[News] Release 5.6 Delay

Due to the recent hackers attack the planed Release 5.6 is delayed and reschedule to the beginning of January with a release date the 10.01.2021.
On the 18.12.2020 only a release candidate 5.6 will be published including the following important features:

  • Networks Health Monitoring Improvement: Enhances the p2p noise protocol with an optional setting to ask a peer for the version of their node. A node operator can set one’s node to not respond to this message if one considers this a private information.

  • FSM Behavior Improvement: Enhance FSM behavior so that when the initiator is offline the responder is allowed to stay online waiting for it even if the timeout timer is reached.

  • Configurations Improvement: Configuration values can now be set using OS environment variables, where the environment variable name is on the form AE__k1__k2, e.g. AE__CHAIN__PERSIST=true. Note that two underscores are used to separate each level. Structured values must be JSON-encoded. The prefix AE can not be customized. The environment variables are applied after reading an available config file, and all values are checked against the schema. See docs/configuration.md.

  • Peer Pool Persistence Improvement: Introduces persistence of the peer pool so that if the node flag for disc persistence is set, after a node restarts, the old peers are loaded from the DB. Trusted peers are provided to the node from the config file so they are already persisted. Since the time being off is unknown, all peers are loaded as unverified, even if they had been verified before the node stop.
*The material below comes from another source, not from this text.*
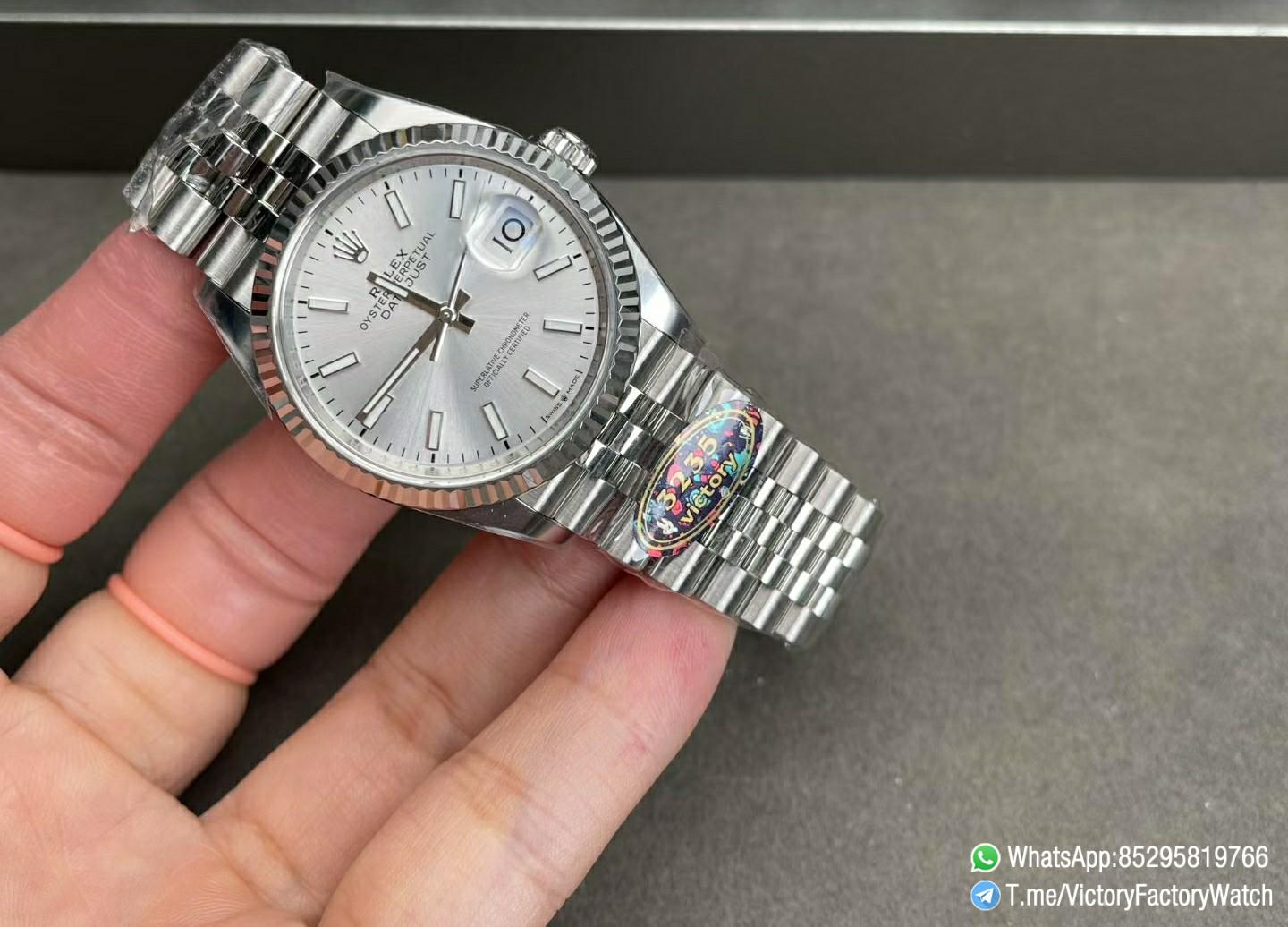 Victory Factory Watch VF DateJust 36MM 126234 Silver Dial Jubilee Bracelet DanDong 3235 Movement 02 Victory Factory Watch VF DateJust 36MM 126234 Silver Dial Jubilee Bracelet DanDong 3235 Movement 02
  • Speed Up Improvement: The default value is changed and significantly speeds up of the TCP probes is achieved. Those used to be done roughly once every 2 minutes while now they are executed every second. Note that this is done only if there are peers to be checked. If a peer is missing, there is a grace period in which it is marked as ‘suspended’, waiting for its return. If all peers are checked, we wait longer until either a new peer is added or a not-suspended peer is there. Basically, the probes come on demand. Even despite the probes are fast, there is a maximum size of currently ongoing probes.

  • Verified Peers Process Improvement: The process of probing verified peers has been improved. Until now we were probing only unverified peers. If a peer responds to the probe we consider it verified. We downgrade a verified peer only after we fail connecting to it. This resulted in amounting peers that used to be verified at one point of time. This can be improve when we probe verified peers as well. Even more this PR plays really well with PR #3365. This implies that if a peer goes down, we will find it significantly sooner and will downgrade it as an unverified one. This is important as a node shares to other nodes only peers one considers to be verified.
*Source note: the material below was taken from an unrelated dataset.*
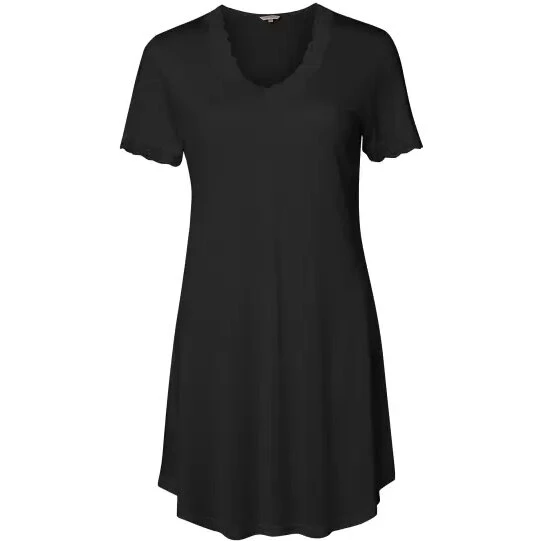 Lady Avenue 23-50416 Silke-natkjole Sort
  • Chain Event Reporting: Added support for reporting chain events during contract evaluation. These events are published internally as ‘tx_events’ (available e.g. for plugins), and can also be fetched via the HTTP ‘dry-run’ method. The events are presented as ‘dummy’ transactions, unsigned, reflecting the details of the respective events.

  • Trusted Peers Bug Fixing: There are special trusted peers that are never deleted nor downgraded. Those peers are quite unique as the node considers them to be available. One can pick their own set of trusted peers but this was not really effective: the default peers were always included as a bonus. This PR is now fixed so that if the new config flag is set to false then the defaults are omitted. The flag is called include_default_peers and by default set to be true.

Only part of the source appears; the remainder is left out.